Facebook co-founder and Chief Executive Officer Mark Zuckerberg responded to President Trump's bias accusations on Wednesday, stating that the largest social media network on the planet isn't acting against him nor was it ever, stating that everyone at Facebook remains committed to building a platform for people holding various political stances. Mr. Zuckerberg compared President Trump's allegations with those previously made by the political left in the United States that claims Facebook helped the Republican candidate win the 2016 election in an unfair manner, stating that the Menlo Park, California-based firm should have done more to combat the dissemination of "fake news" on its service which it believes helped Trump win the presidential race.
Mr. Zuckerberg essentially rejected both sides of the argument in a Facebook post published yesterday afternoon, saying that neither side of the political spectrum in the country is happy when it sees opposing ideas on Facebook, but noting how their very existence doesn't imply bias on Facebook's part of any kind. In addition to dismissing allegations that the social media giant is somehow biased toward one ideology over other, Mr. Zuckerberg said that the company's influence on the 2016 presidential election was largely positive, claiming that approximately two million people were able to register to vote with Facebook's help. The same address also contained what's thought to be his first direct apology for dismissing the potential negative effects of fake news on Facebook as "pretty crazy" as part of a statement made in November 2016, with Mr. Zuckerberg saying he "regrets" making such a dismissive statement but adding that Facebook's efforts to encourage people to vote were far more influential than any possible misinformation campaign on its network organized by a foreign entity which some political actors claim to be Russia.
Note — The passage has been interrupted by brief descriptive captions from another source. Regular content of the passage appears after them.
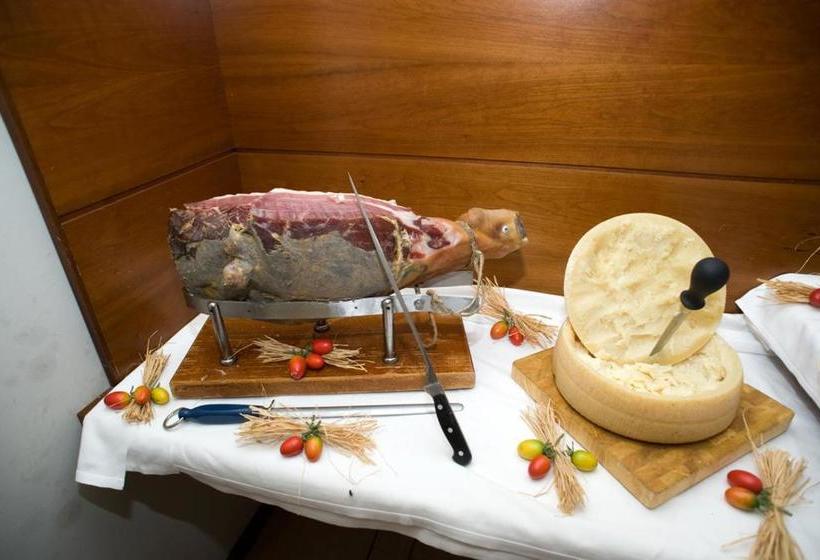هتل Albergo Ristorante Il Terziere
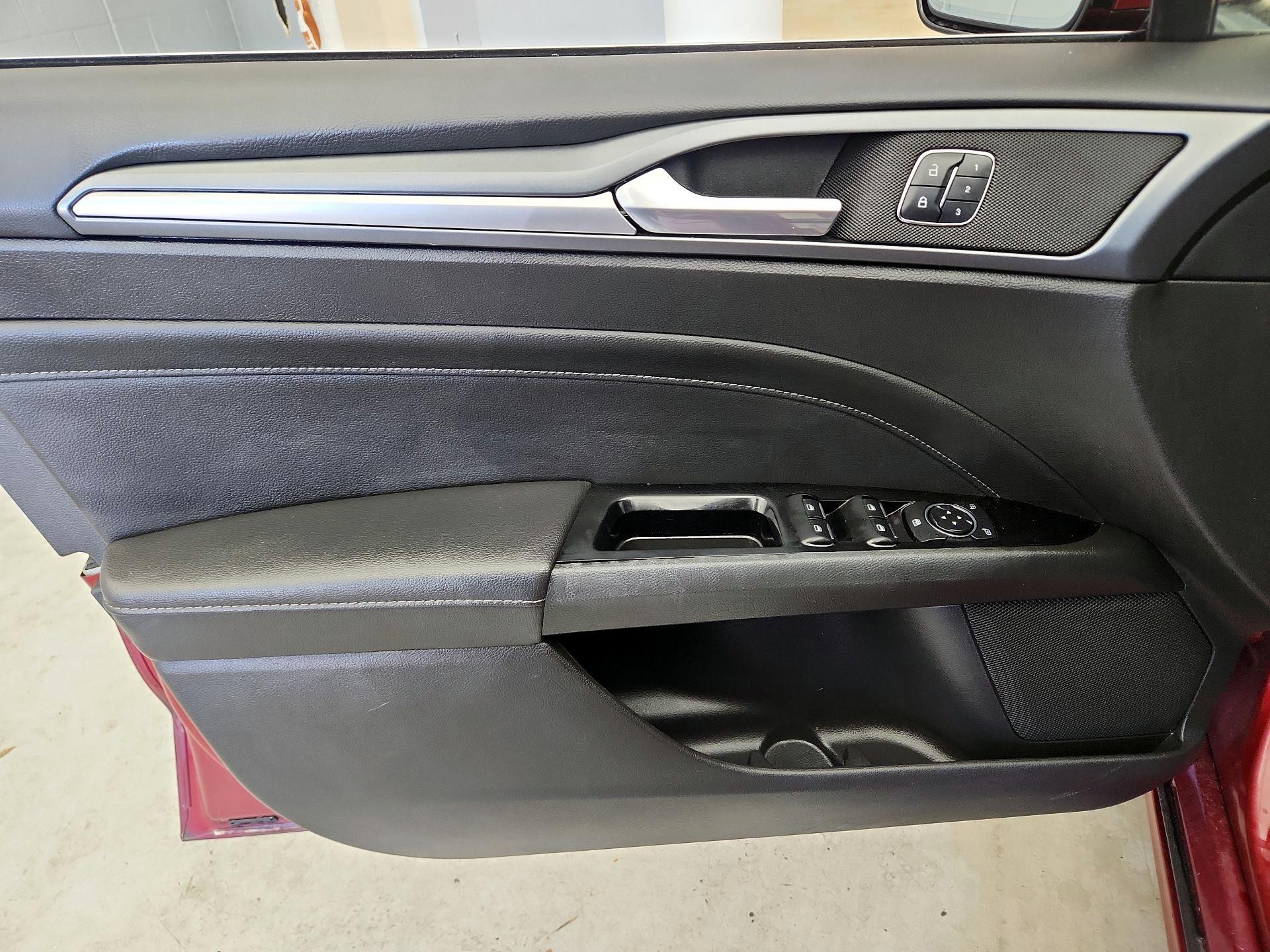 Thumbnail: 2016 Ford Fusion - 12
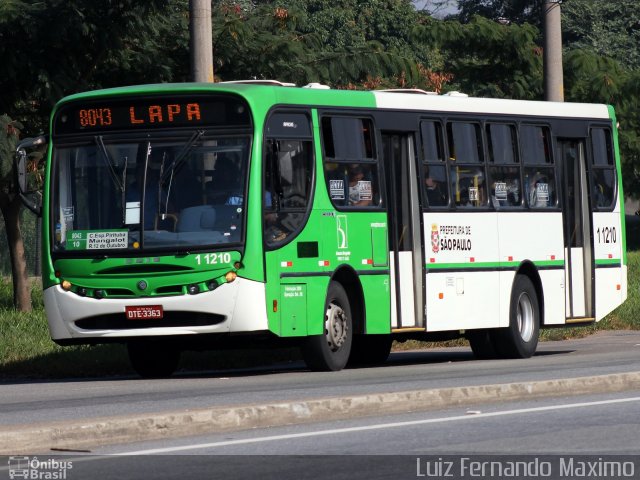 Viação Santa Brígida 1 1210 na cidade de São Paulo, São Paulo, Brasil, por Luiz Fernando Maximo. ID da foto: 4165928.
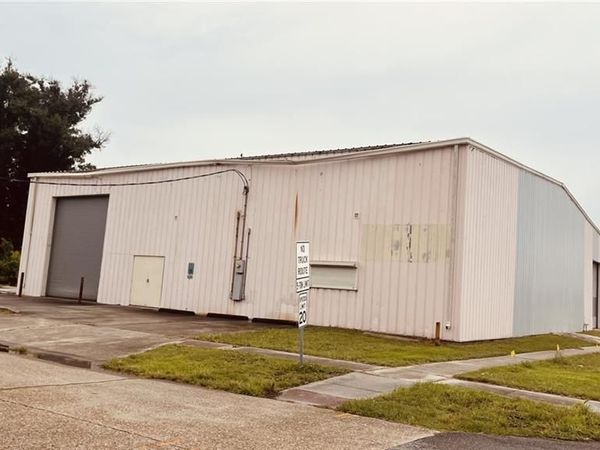 1905 8TH Street , Harvey, LA 70058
Former President Obama supposedly played a significant role in convincing the fifth richest person on the planet that fake news are to be taken seriously following the 2016 presidential race, with Facebook later introducing a number of initiatives aimed at preventing their spreading and sanctioning pages and individuals identified as disseminating factually incorrect and misleading information. The company is still approaching the issue in an extremely careful manner, trying not to be accused of outright censorship and encouraging its users to think critically instead of entirely preventing them from accessing controversial content.